Please give back the listing below word for word and drop any images.

- Information supplied
........

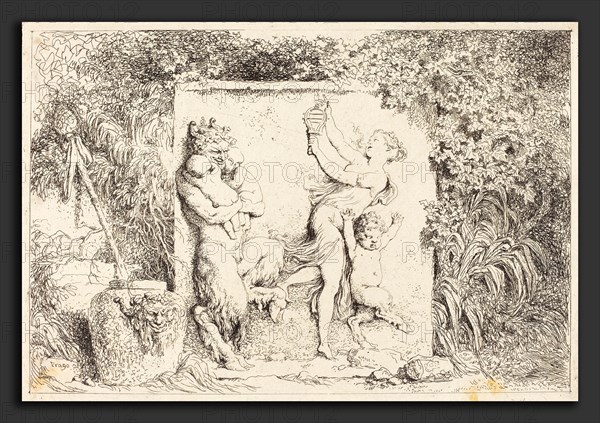 Jean-Honoré Fragonard (French, 1732 - 1806), The Satyrs' Dance (Danse de satyres), 1763, etching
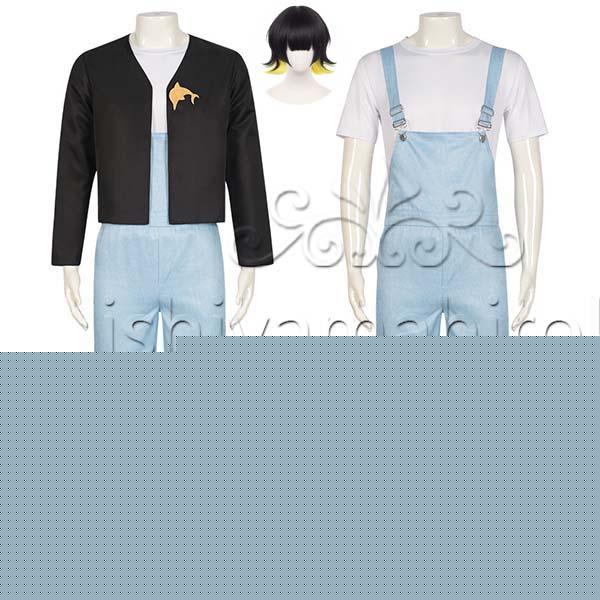 ブルーロック Blue Lock 風 蜂楽廻 コスプレ衣装 ウィッグ コスチューム cosplay イベント 演出服 舞台服 アニメ変装 仮装 ハロウィ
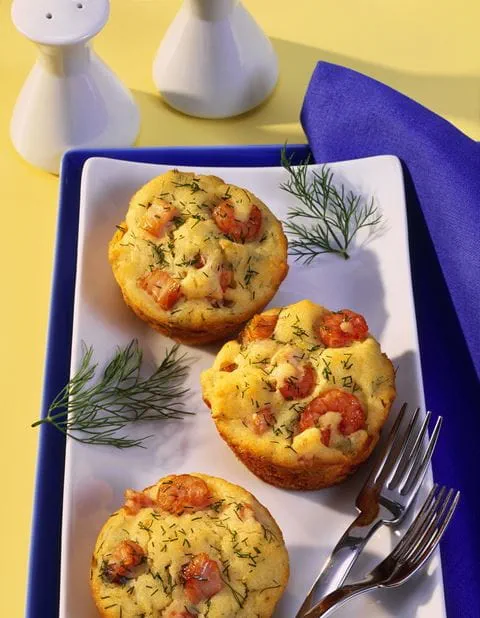 recipe image Lachs-Krabben-Dill-Muffins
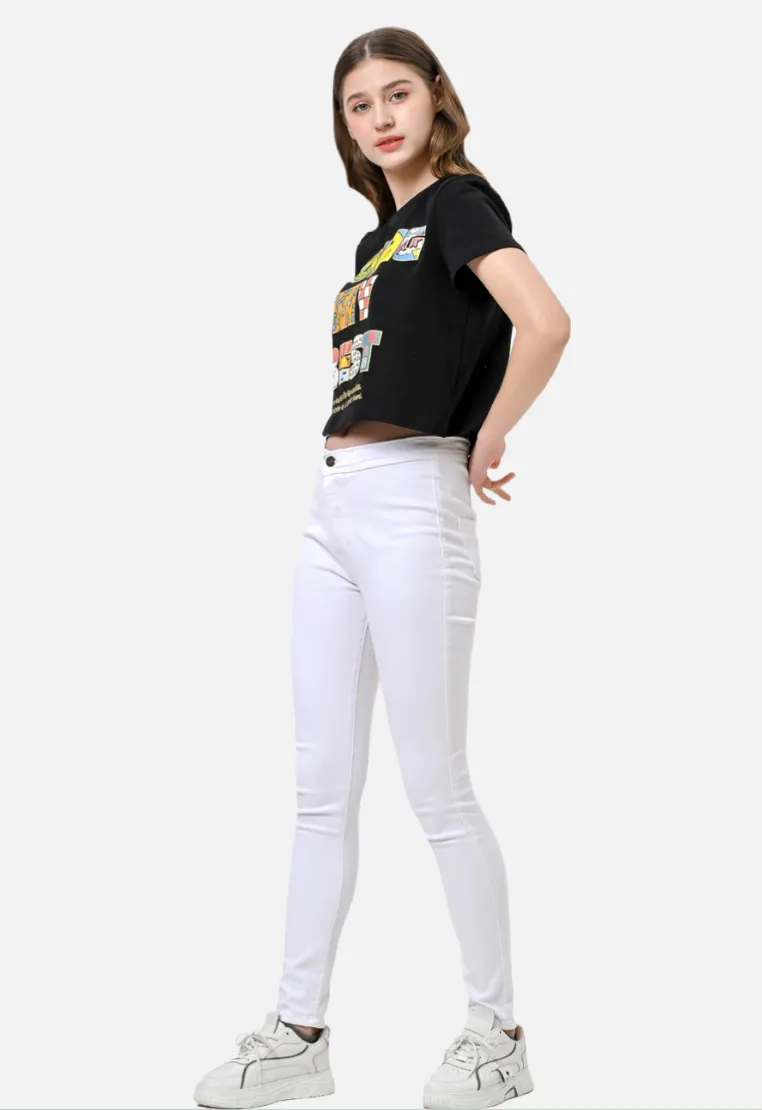 PAXIE Shorty Cropped T-Shirt | Organic Cotton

........

- Task output
 Jean-Honoré Fragonard (French, 1732 - 1806), The Satyrs' Dance (Danse de satyres), 1763, etching
 ブルーロック Blue Lock 風 蜂楽廻 コスプレ衣装 ウィッグ コスチューム cosplay イベント 演出服 舞台服 アニメ変装 仮装 ハロウィ
 recipe image Lachs-Krabben-Dill-Muffins
 PAXIE Shorty Cropped T-Shirt | Organic Cotton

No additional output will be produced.